In this rollicking reminiscence Sarah Bixby Smith tells of Los Angeles when it was “a little frontier town” and “Bunker Hill Avenue was the end of the settlement, a row of scattered houses along the ridge.” She came there in 1878 at the age of seven from the San Justo Rancho in Monterey County. Sarah recalls daily life in town and at San Justo and neighboring ranches in the bygone era of the adobes. Exerting a strong pull on her imagination, as it will on the reader’s, is the story of how her family drove sheep and cattle from Illinois to the Pacific Coast in the 1850s. The daughter of a pioneering woolgrower, Sarah Bixby Smith became a leading citizen of California.

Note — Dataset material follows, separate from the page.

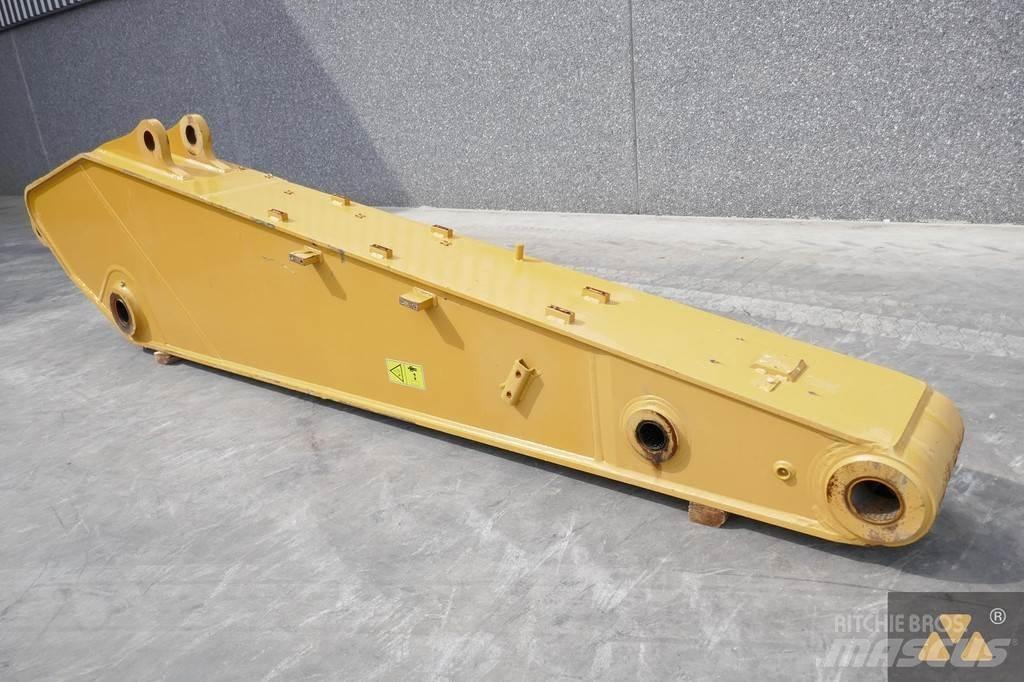 CAT Stick 336FL Transport – Andet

This is a nice little book I read as a selection by the Phineas Banning Literary Society. Sarah was the daughter of a rancher in what is now Long Beach, their house, Rancho Los Cerritos,originally built in 1844 is still standing and open to the public. While it's an incredible window into Los Angeles and the south bay (where I live) in the late 19th and early 20th centuries and therefore fascinating; at the same time I hate reading local history and thinking about what was here that has now been destroyed forever. Between Los Cerritos, and the Banning house, where I'm a docent, there was, at the time, nothing. Now there are probably 400 red lights and who knows HOW many Taco Bells.
Adobe Days by Sarah Bixby Smith is her memoir of having been raised on a rancho in the early days of California, particularly Los Angeles. Not your typical history book. She tells about shenanigans between the children of the adobe, games they played, ways they passed the time, plus a very fond remembrance of events and day-to-day activities. The ranchos were huge, many thousands of acres and the one on which she was raised, Rancho Los Cerritos, is now all city. I highly recommend this small book to anyone who loves to hear stories of the old, old days in California.
I think this is a great quick read for people who love history, but have a hard time reading dense memoirs. I enjoyed learning of this period of California history, but I think it is important to note that this is definitely a romanticized version of rancho history.